Deprecated since version 0.12.4: The search_path parameter is no longer necessary and will be removed in an upcoming version; consider removing it from the function call.

Parameters:

paths (str or list of str) – Paths to local Python modules and other files that the deployed model depends on. If a directory is provided, all files within will be included.

log_observation(key, value, timestamp=None, epoch_num=None, overwrite=False)

Logs an observation to this Experiment Run.

Parameters:
  • key (str) – Name of the observation.

  • value (one of {None, bool, float, int, str}) – Value of the observation.

  • timestamp (str or float or int, optional) – String representation of a datetime or numerical Unix timestamp. If not provided, the current time will be used.

  • epoch_num (non-negative int, optional) – Epoch number associated with this observation. If not provided, it will automatically be incremented from prior observations for the same key.

  • overwrite (bool, default False) – Whether to allow overwriting an existing observation with key key.

Warning

If timestamp is provided by the user, it must contain timezone information. Otherwise, it will be interpreted as UTC.

log_schema(input: dict, output: Optional[dict] = None) None

Sets the input and output schemas, which are stored as model artifacts.

New in version 0.24.0.

To propagate this change to any live endpoints, you must redeploy the model by calling update().

The output schema is optional.

To validate a prediction’s input and output against these schemas, use the validate_schema() decorator on your model’s predict() function.

Parameters:
  • input (dict) – Input schema as an OpenAPI-compatible JSON dict. Easiest to create using pydantic.BaseModel.schema() [1].

  • output (dict, optional) – Output schema as an OpenAPI-compatible JSON dict. Easiest to create using pydantic.BaseModel.schema().

References

log_setup_script(script, overwrite=False)

Associate a model deployment setup script with this Experiment Run.

New in version 0.13.8.

Parameters:
  • script (str) – String composed of valid Python code for executing setup steps at the beginning of model deployment. An on-disk file can be passed in using open("path/to/file.py", 'r').read().
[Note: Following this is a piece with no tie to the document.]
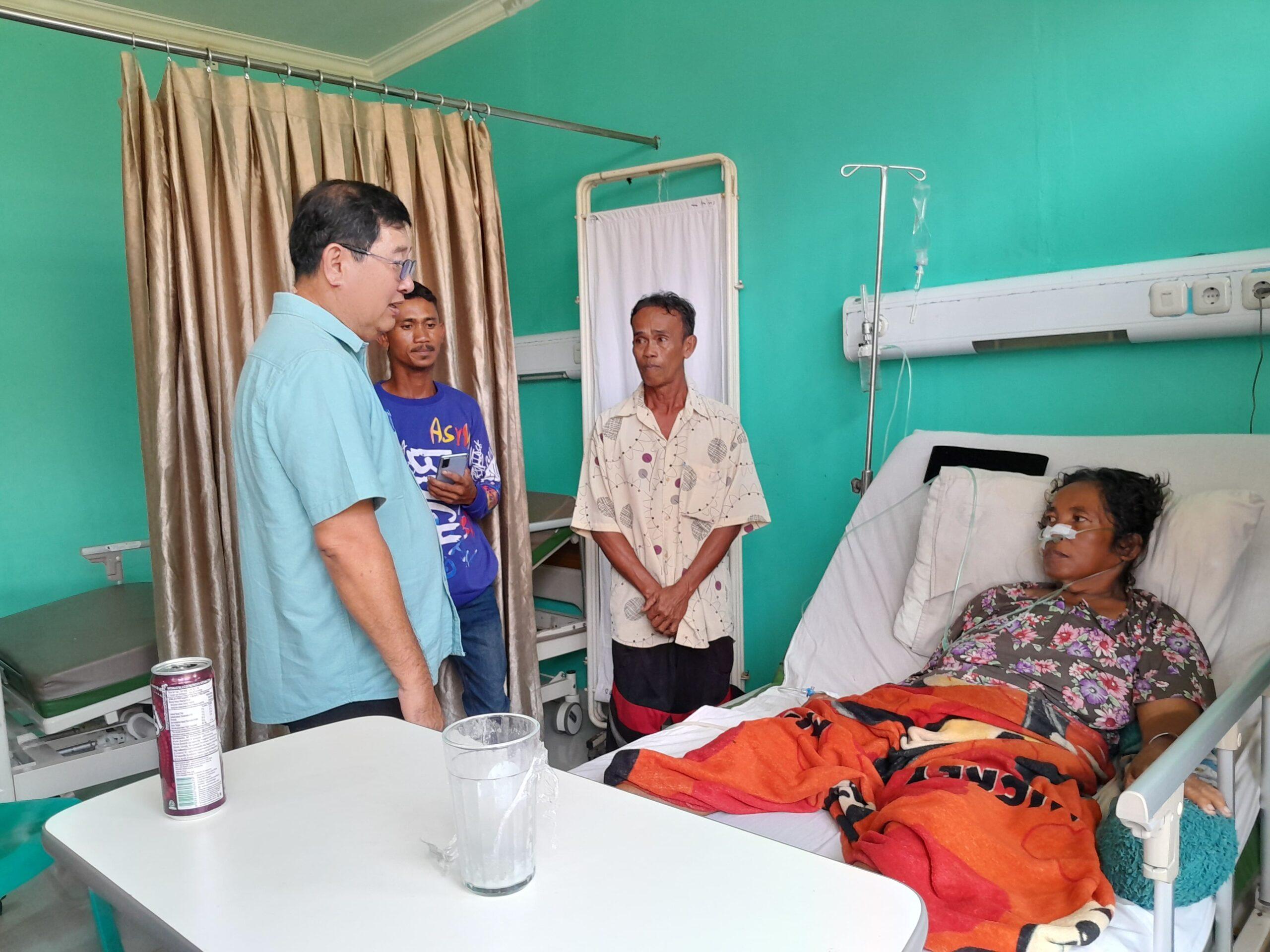 MENJENGUK-PASIEN-Bupati-Belitung-Timur-Kamarudin.jpg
  • overwrite (bool, default False) – Whether to allow overwriting an existing setup script.

Raises:

SyntaxError – If script contains invalid Python.

log_tag(tag)

Logs a tag to this Experiment Run.

Parameters:

tag (str) – Tag.

log_tags(tags)

Logs multiple tags to this Experiment Run.

Parameters:

tags (list of str) – Tags.

log_training_data(train_features, train_targets, overwrite=False)

Associate training data with this model reference.

Changed in version 0.14.4: Instead of uploading the data itself as a CSV artifact 'train_data', this method now generates a histogram for internal use by our deployment data monitoring system.

Deprecated since version 0.18.0: This method is no longer supported. Please see our documentation for information about our platform’s data monitoring features.

Parameters:
  • train_features (pd.DataFrame) – pandas DataFrame representing features of the training data.

  • train_targets (pd.DataFrame or pd.Series) – pandas DataFrame representing targets of the training data.

  • overwrite (bool, default False) – Whether to allow overwriting existing training data.

rename(name: str) None

Rename this experiment run

Parameters:

name (str) – New name for this experiment run.